Enrico Pambianchi nasce a Ostellato di Ferrara nel 1969. Giovane ed eclettico artista, studia da autodidatta e sperimenta le più svariate tecniche e stili, impiegando materiali diversi. I suoi inizi sono figurativi, si ispira a soggetti di matrice classica e lo influenzano fortemente l’arte del pittore modenese Wainer Vaccari e del maestro Remo Brinidisi. Dal 2000 assistiamo a un’inversione di rotta; Pambianchi sperimenta dapprima l’informale astratto per poi approdare al figurativo informale realizzato attraverso tecniche miste. I soggetti prediletti sono i protagonisti dei fumetti o icone storiche: da Captain America a Steve Rogers, fino a quello che egli stesso considera il “Prometeo moderno”, Frankenstein. Rivisita grandi capolavori di maestri spagnoli, quali Rembrandt e Velazquez e lavora addirittura su scene di film di Michelangelo Antonioni. Si specializza nella tecnica del collage, utilizza resine, olio, colature plastiche, incisioni, pastello. Parte da un’immagine fotografica e la quadretta, come dovesse elaborare un lavoro prospettico. Da qui ha inizio la rivisitazione del soggetto, che avviene con interventi pittorici, applicazione di ritagli di giornale, note a matita a bordo tela che concorrono al senso di ironia e sarcasmo che l’artista intende dare all’opera. Egli stesso definisce il suo stile “Iperrealismo Visionario”: raffigura realtà sincroniche o diacroniche in cui icone e personaggi inquietanti della storia o della cultura popolare cercano la salvezza, la redenzione. Soggetti pop-olari che ritrovano la pace attraverso una spiccata ironia, che allontana i protagonisti dalla loro natura angosciante. Alcune opere dell’artista sono conservate in collezioni private (tra cui Rina Cavallini, madre di Sgarbi e un importante collezionista fiorentino) e presso la Galleria Civica di Ferrara.

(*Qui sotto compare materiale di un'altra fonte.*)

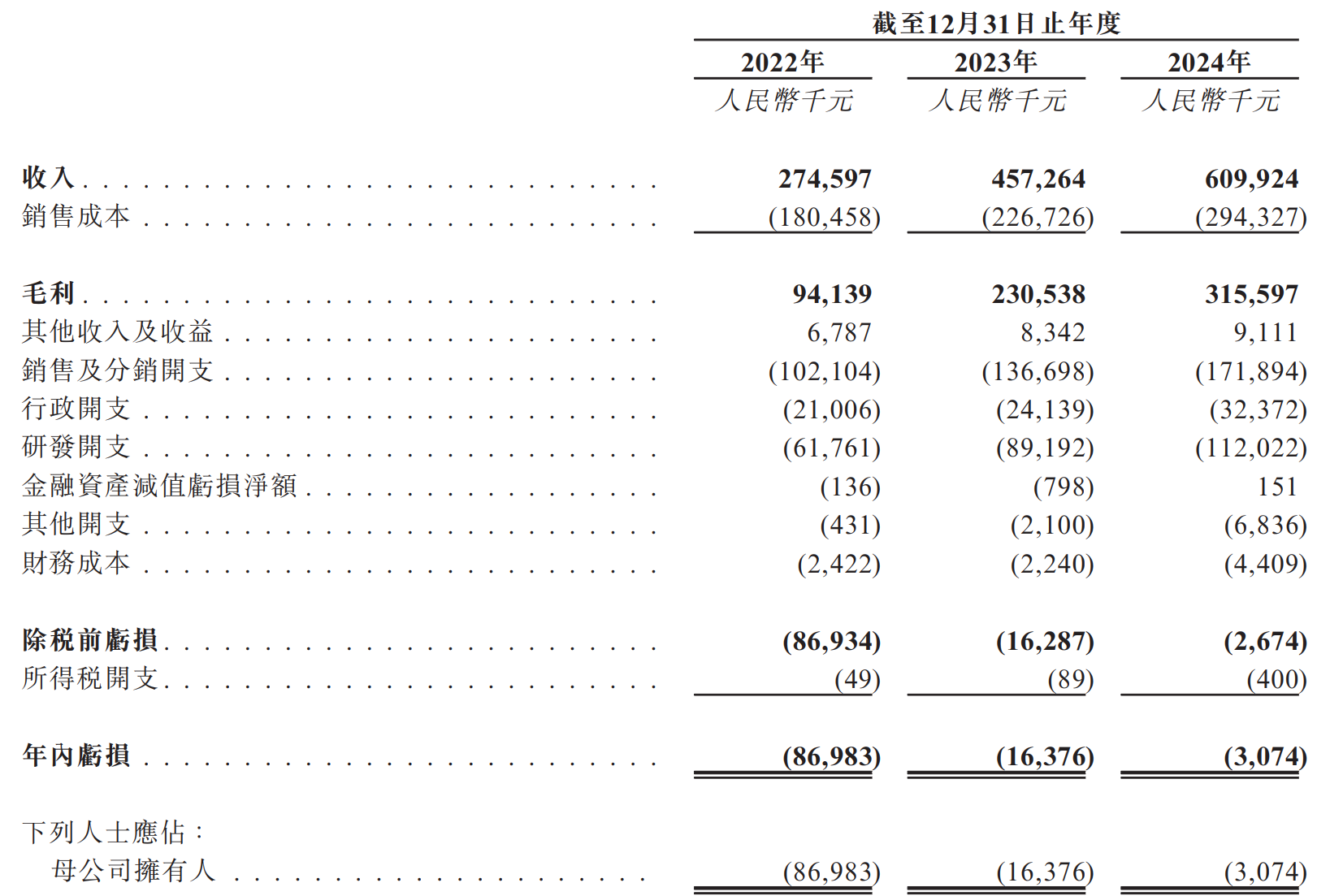 卧安机器人赴港 IPO：高研发销售费用承压 海外与渠道双依赖暗藏风险  第1张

“Può Frankenstein indossare calzoncini a fiori rosa per redimere se stesso? Può Mickey Mouse rappresentare le Schutzstaffel di Hitler? Il Martirio di San Sebastiano del Mantenga può avere luogo sotto i cieli plumbei di Lakehurst nel New Jersey? Può Captain America (Steve Rogers) evitare la tragedia del LZ 129 Hindenburg? Avete mai visto il quadro di Diego Velazquez “Las Meninas” piangere sangue e terra?”